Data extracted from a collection
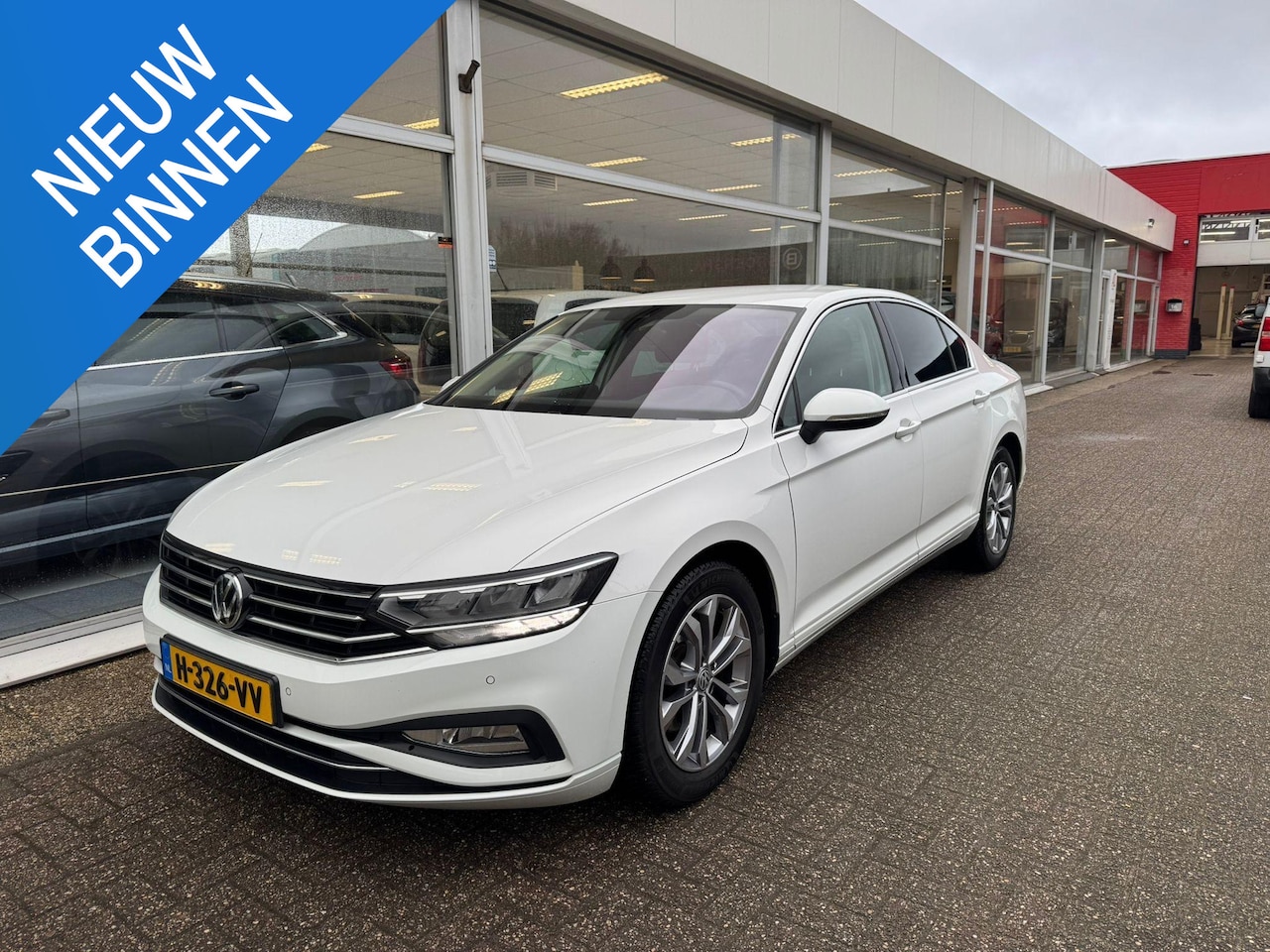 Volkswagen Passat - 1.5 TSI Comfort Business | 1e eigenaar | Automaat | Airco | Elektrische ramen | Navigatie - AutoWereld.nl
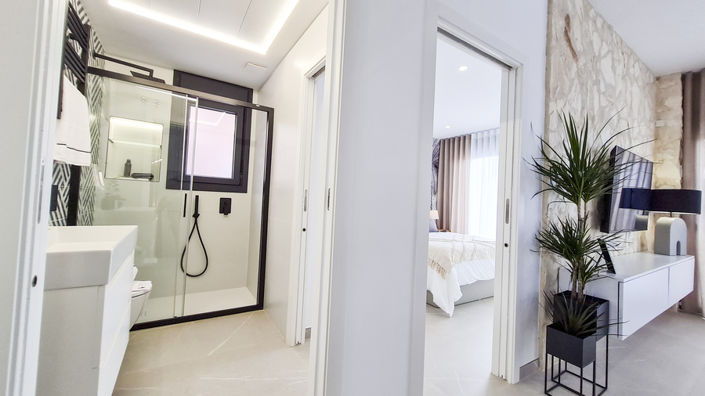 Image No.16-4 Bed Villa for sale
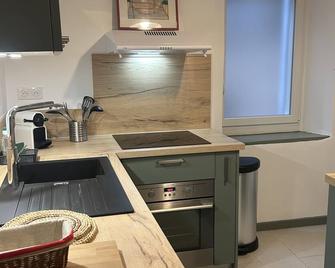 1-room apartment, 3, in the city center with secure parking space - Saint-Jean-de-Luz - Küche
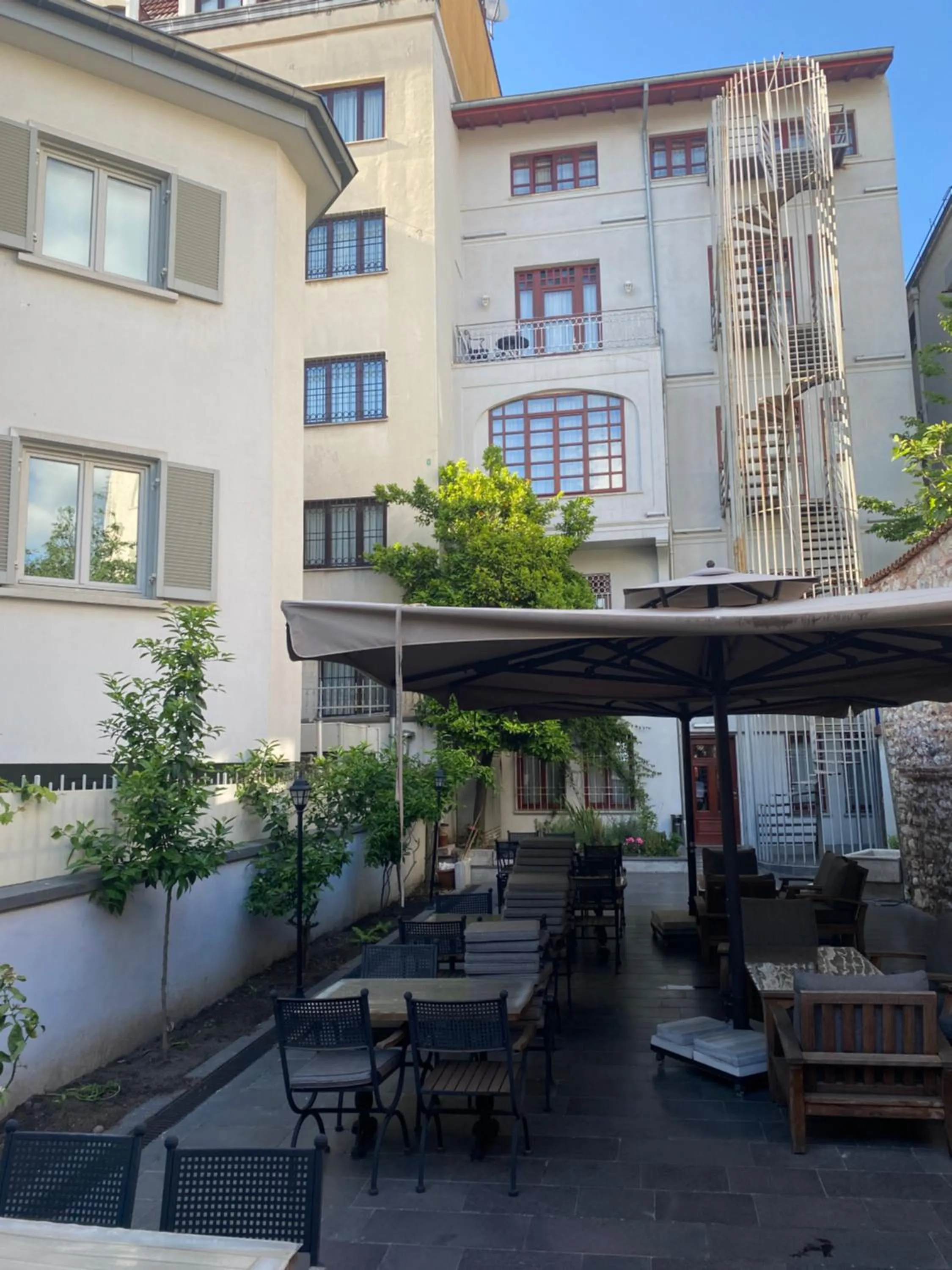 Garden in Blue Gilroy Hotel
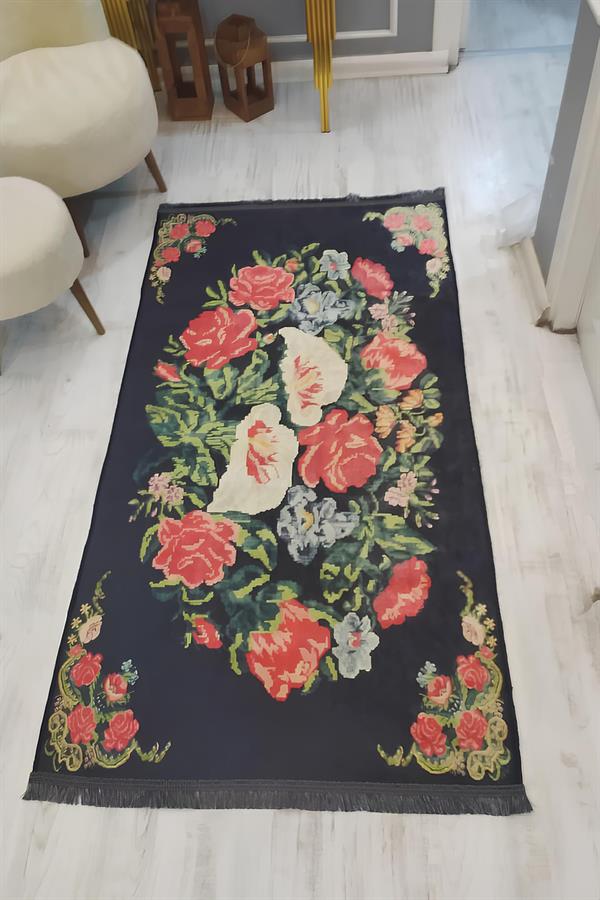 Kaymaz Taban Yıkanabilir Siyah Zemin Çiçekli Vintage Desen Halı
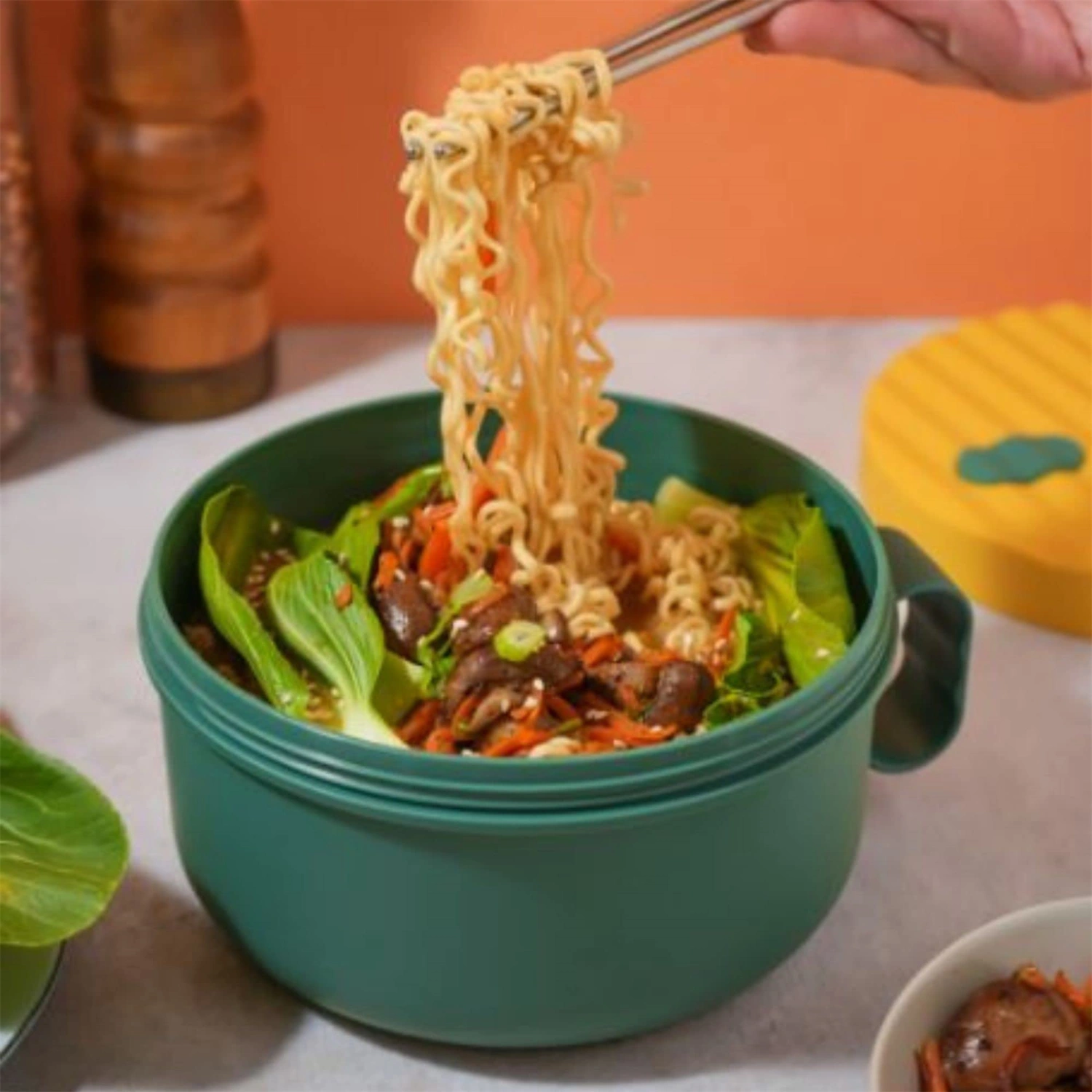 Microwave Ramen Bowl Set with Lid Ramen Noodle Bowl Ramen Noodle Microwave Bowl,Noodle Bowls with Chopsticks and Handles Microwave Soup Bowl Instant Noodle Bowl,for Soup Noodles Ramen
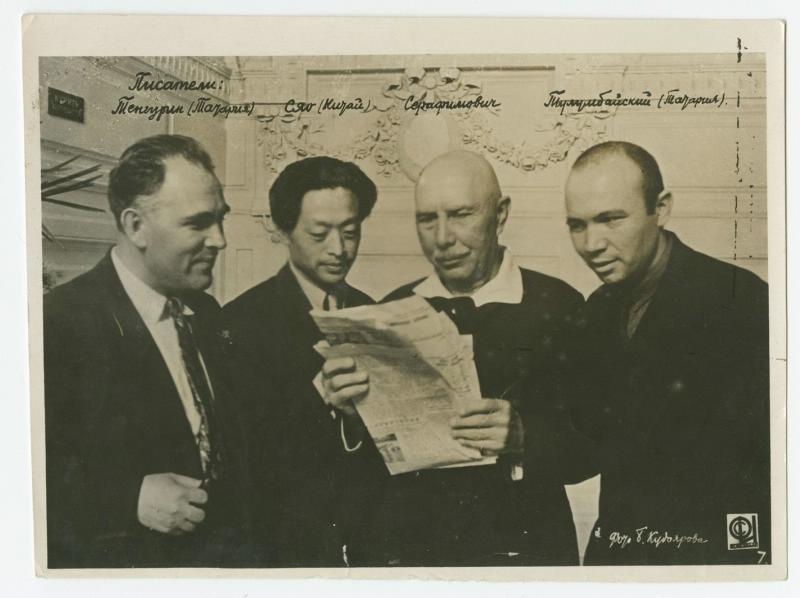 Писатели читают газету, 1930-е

# TRY IT:
Only the lines starting at the one that includes "Image No.16-4 Bed Villa for sale" and ending at the one that includes "Kaymaz Taban Yıkanabilir" should be retyped, exactly, from the records above; no pictures.

# TASK SOLUTION:
 Image No.16-4 Bed Villa for sale
 1-room apartment, 3, in the city center with secure parking space - Saint-Jean-de-Luz - Küche
 Garden in Blue Gilroy Hotel
 Kaymaz Taban Yıkanabilir Siyah Zemin Çiçekli Vintage Desen Halı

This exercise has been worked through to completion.